Procurei-a e ela me atendeu com muito gosto. “São essas questões que precisamos

discutir, mas ninguém fala porque cada um está preocupado em encontrar seu lugar ao

sol”. Sua opinião sobre a prática da corrupção em Moçambique tem o mesmo enfoque

que a do rapper Edgar: segundo ela, a corrupção é praticada por “uma minoria”, aqueles

que estão “[...] num nível mais alto. Feito por aqueles que eu nem preciso dizer quem

são. Você, mesmo estando no Brasil há muito tempo, sabe de quem eu estou a falar.

Bem, essa corrupção dessas pessoas é que acaba criando um desvio geral, sistemático, o

dinheiro não chega onde deve chegar [...] Agora, se não chega nas escolas daqui do Sul

mesmo, que é a casa deles, onde eles nasceram, imagina lá como são as escolas do

Centro e do Norte!”. Já o senhor Valter, 59 anos, pai de quatro filhos e avô de quatro

netos é um professor primário aposentado que trabalhava como auxiliar geral em uma

repartição pública. Seus colegas, ao saberem o que fazia no país, me “obrigaram” a

entrevista-lo, pois, ele é um “profundo conhecedor dos problemas moçambicanos”.
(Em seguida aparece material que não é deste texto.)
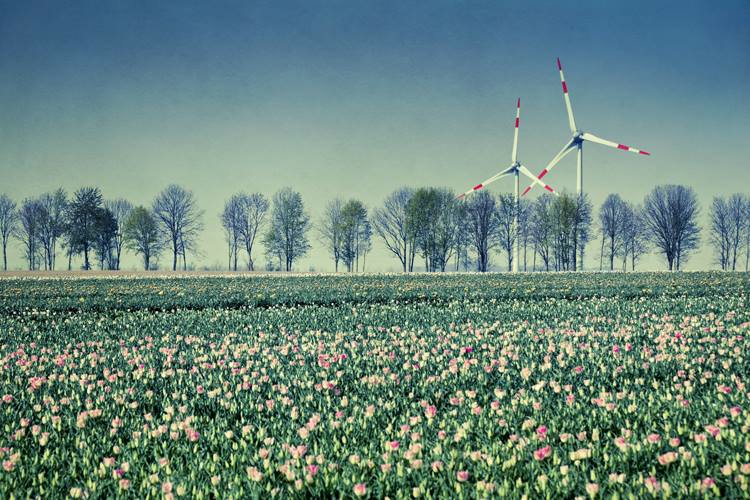 WINDRA?DER UND TULPEN IN NRW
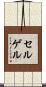 セルゲル Scroll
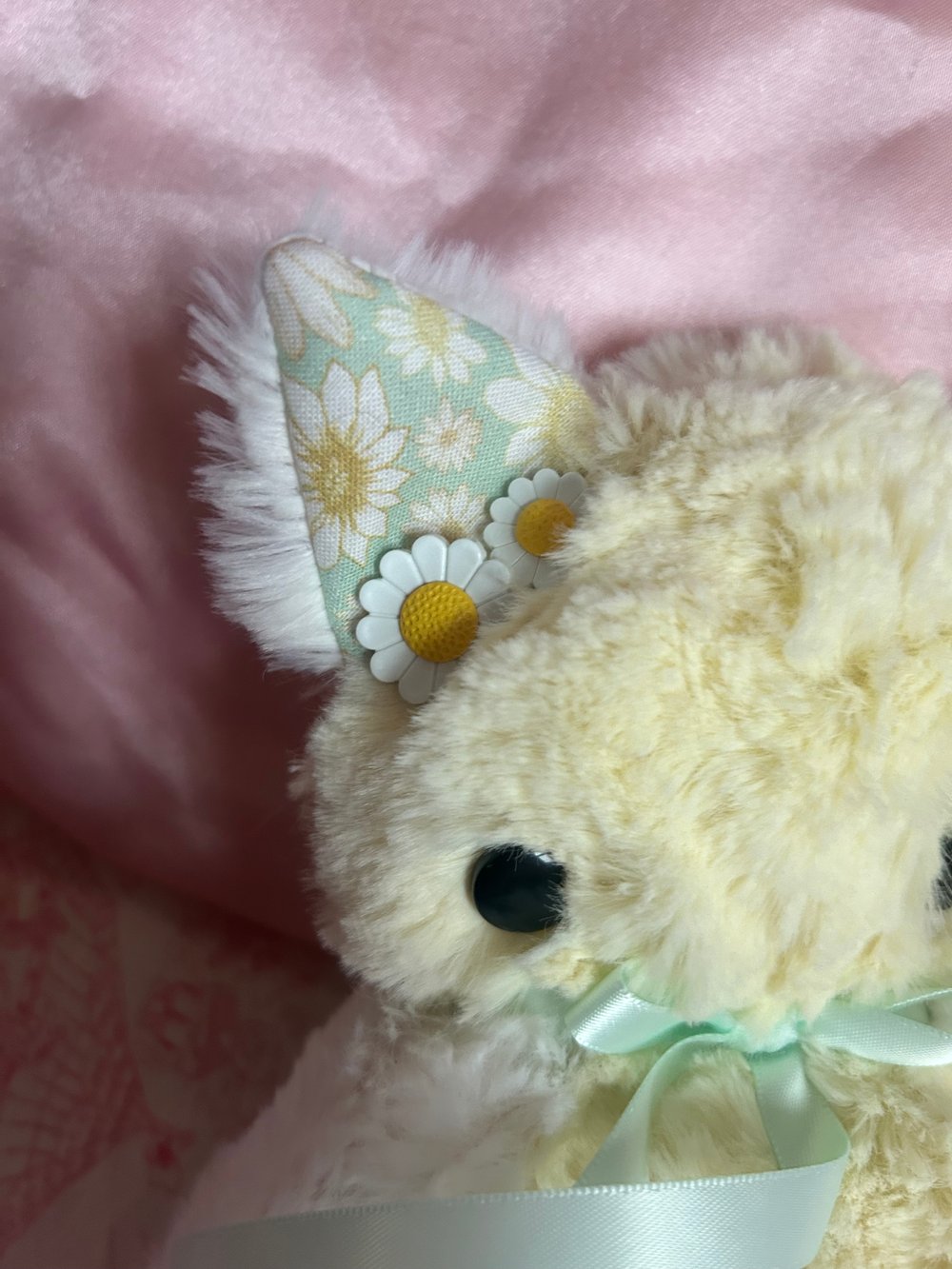 Image of daisy the kitty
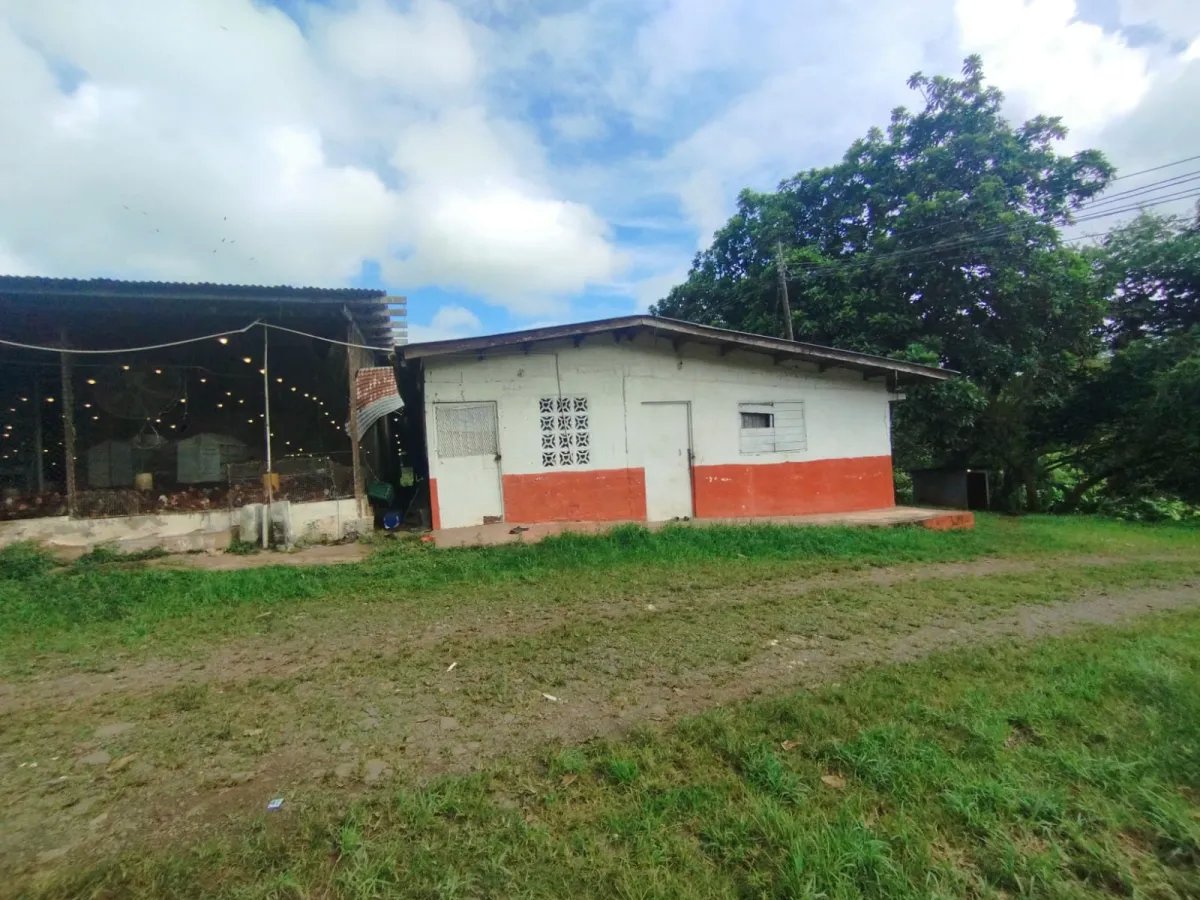 Business For Sale in Capira, Villa Carmen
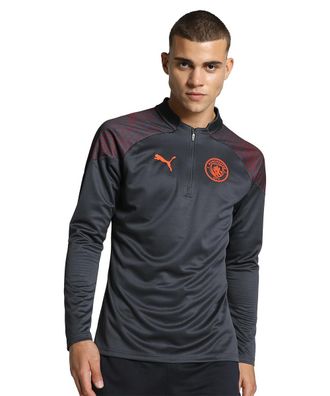 Puma Mens Manchester City Football Quarter-Zip Strong Gray-Aubergine XL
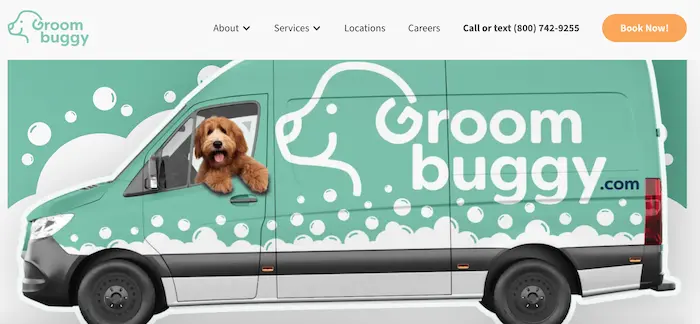 5 Website Design Elements That Convert Visitors to Leads: Real Examples from Small Businesses 7 groom buggy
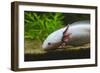 Axolotl-null-Framed Photographic Print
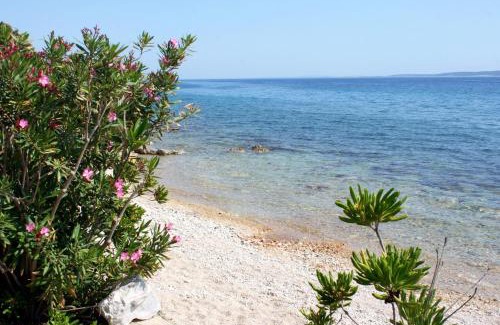 Mandre Apartment | Apartments by the sea Mandre, Pag - 22885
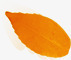 黄色秋季漂浮树叶素材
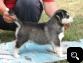  Stunning male and female Siberian husky puppies Text  (603) 413-0160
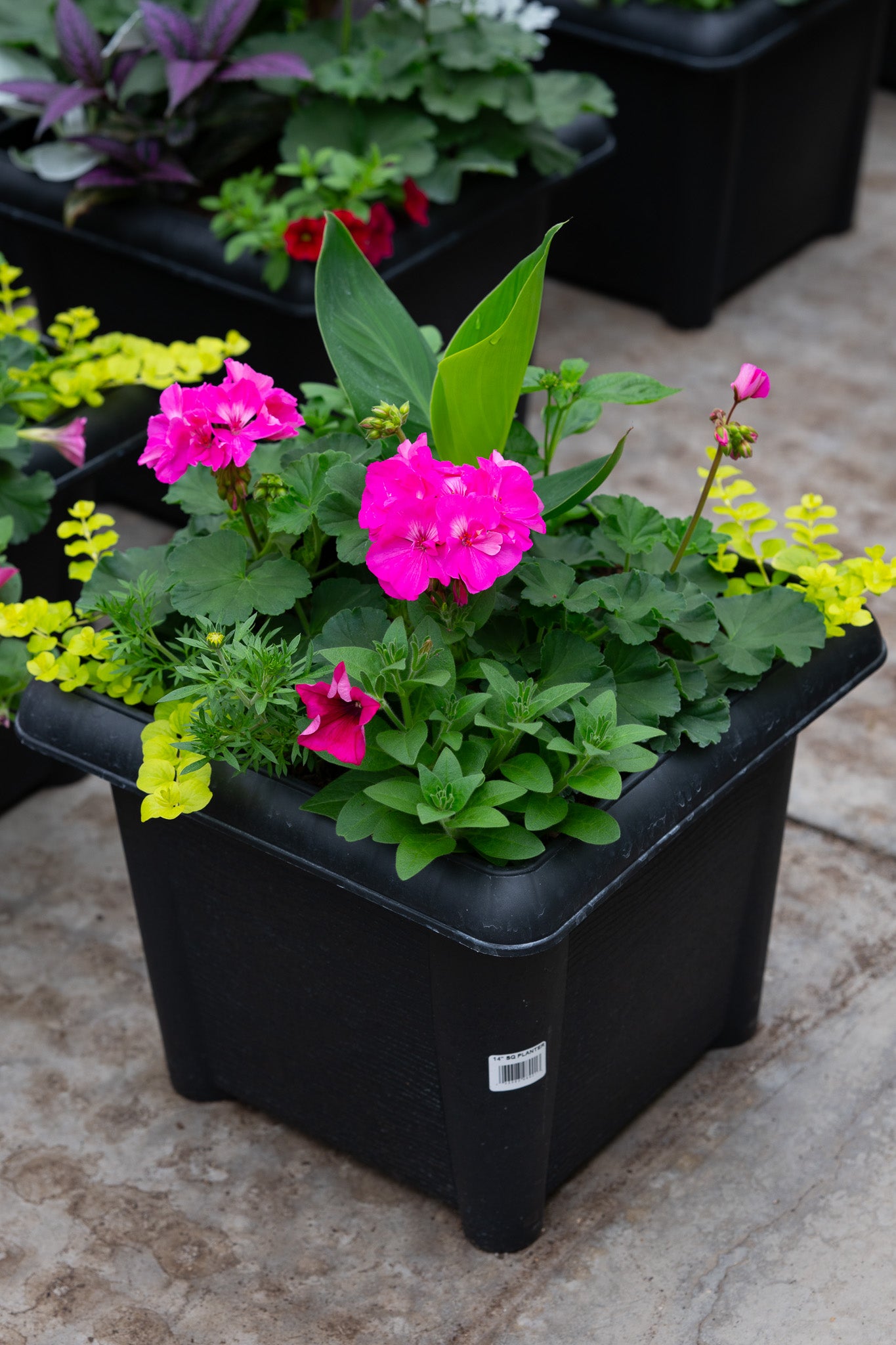 14" Square Premium Sun Planter – Fuchsia Pop Mix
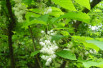 Pterostyrax psilophyllus - Baummapper, CC BY-SA 3.0 DE, via Wikimedia Commons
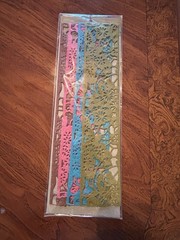 Anna Griffin Fall Border Embellishments 4 Piece 12”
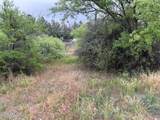 2211 Roundup Trail - Photo 2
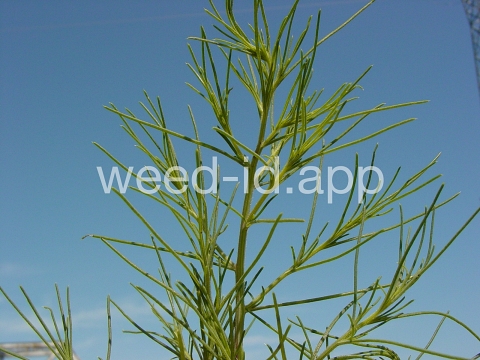 thistle, Russian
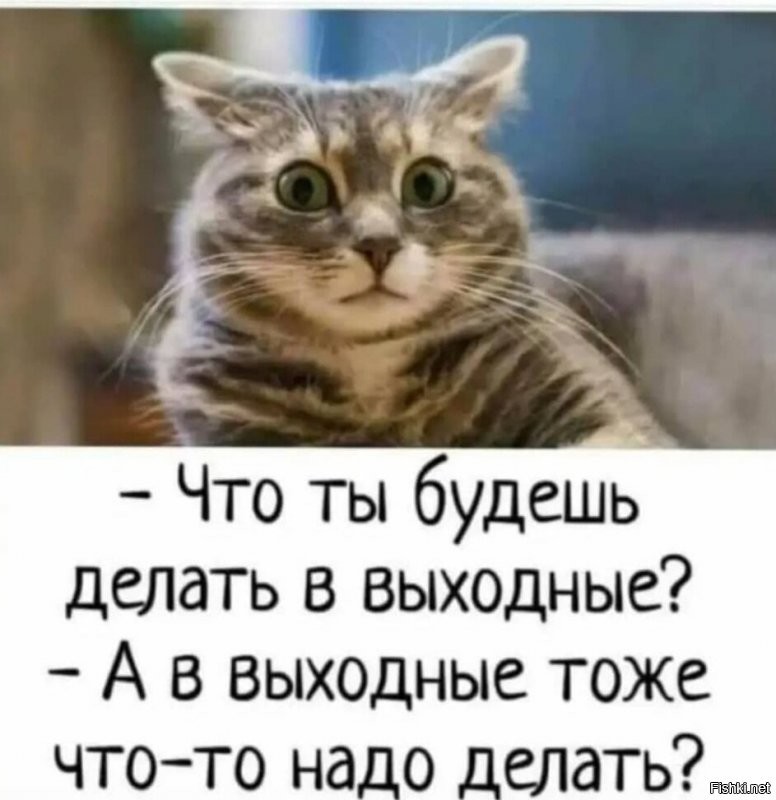 Солянка от 10.12.2021
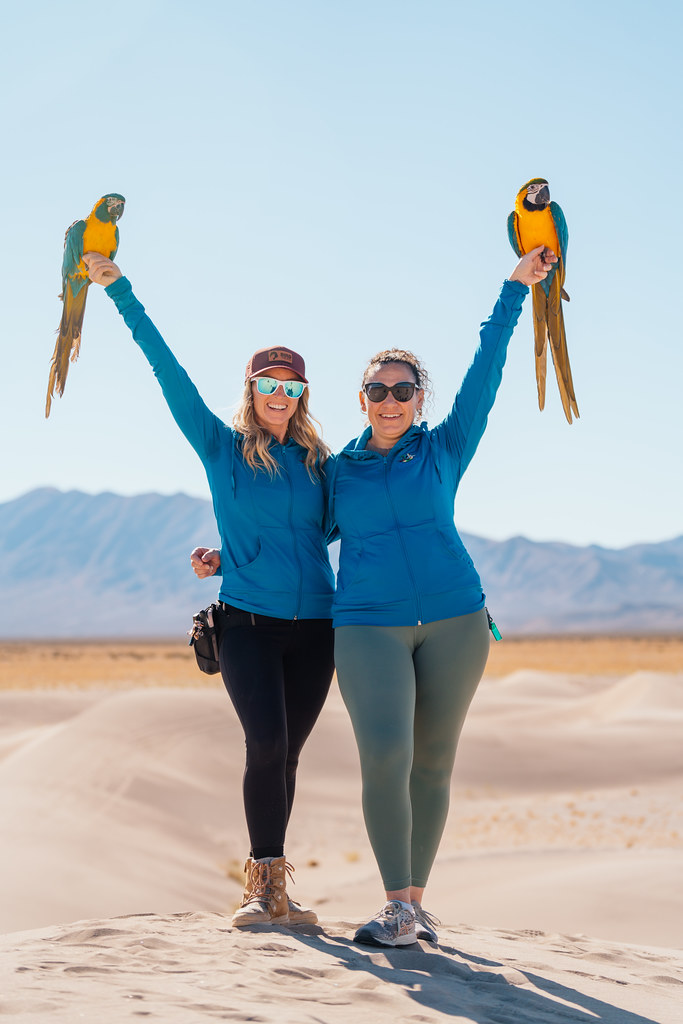 Dos criadores con guacamayos azul y amarillo — vuelo libre en dunas del desierto
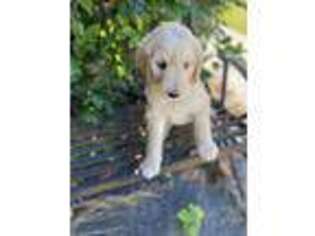 Goldendoodle Puppy for sale in Byron, GA, USA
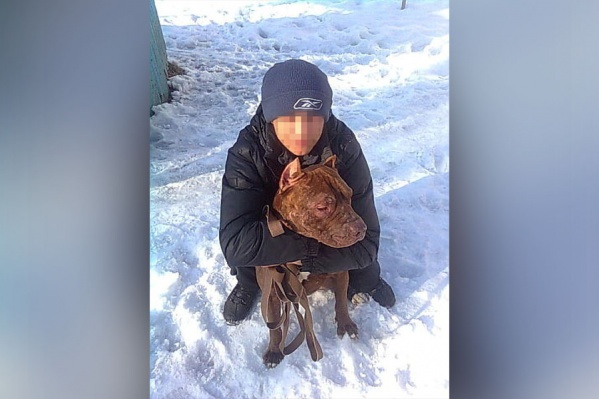 Сейчас мужчина находится под стражей Сейчас мужчина находится под стражей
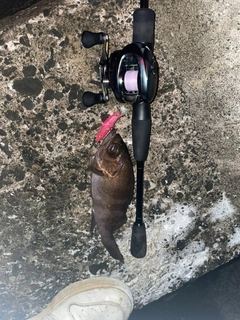 シロメバルの釣果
Senhor Valter tende a se referir à corrupção em Moçambique a partir de uma visão

endêmica do problema. “Eishhh... Nós bebemos, tomamos banho, mergulhamos na

corrupção... Não há quem não é corrupto aqui... Mesmo uma criança da 5ª classe, não

estuda e sabe que no dia do professor o pai oferecer algo ao professor ou professora,

como caixa de cerveja, capulana [pano tradicional muito usado pelas mulheres

moçambicanas]... Achas que esse professor vai reprovar essa criança... Então ela [a

criança] também sabe que não precisa estudar porque meu pai tem [dinheiro]... Aqui,

não há outra forma, somo todos corruptos mesmo. Sabes que dinheiro não se nega [...]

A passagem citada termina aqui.